Opera House

Christmas is unimaginable to many Europeans without the Nutcracker, and this includes Hungarians. It’s haunting music has become synonymous with Christmas, and even people who otherwise never go to a ballet or the theater are likely to have seen this one several times, it has become such a holiday tradition in Budapest.

The Opera House

The Opera house was opened in 1884, and has been a very important cultural establishment ever since. Giving a home and a base in Budapest to artists helped propel Budapest as one of the European capitals of the Arts.

The building is an architectural wonder, the size and acoustics are completely unique, it is a place that should be visited by any musical connoisseur. Sporting some of the oldest exteriors and interiors in Budapest, it feels a little bit like time travel to go into the huge marble building and see the enormous height of the main dome from the inside, with the huge velvet drapes and gargantuan chandeliers hanging down, and the warmth of the little café underneath it.

nutcracker Nutcracker

The Event

The Nutcracker will be playing in the Opera House all throughout December. The last show will be on the 30th, and that one is always considered to be the best one, but it’s a good idea to get a ticket well in advance, as most shows tend to sell out pretty quickly. The Nutcracker will be on almost everyday in December, and you can see the dates still available here.

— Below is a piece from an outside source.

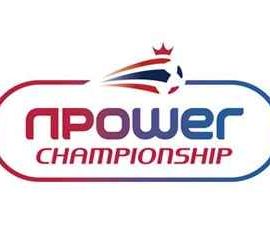 npower_championship 2010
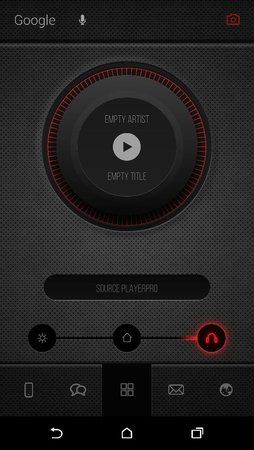 uploadfromtaptalk1401725317655.jpg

The version that will be on can be called classical in every sense of the word. Staying true to the original set designs laid down by the tragically short lived Oláh Gusztáv who died in 1956, and with the original choreography from Vasiliy Vajnonen, the Nutcracker will bring an atmosphere of the Budapest of old, the interwar period, a period full of Nostalgia and longing among the locals.


You can buy tickets at the Opera or online at their website. If you decide to go and buy them in person, they are only open after 11 am, and are never open on Sunday. Tickets are also sold at selected ticket booths, like the one near Oktogon, or the very large, conspicuous rectangle near the tram stop at Nyugati pályaudvar. There are many different kinds of tickets, and the price can vary significantly based on where you sit, so it is best to see for oneself on the Opera’s website.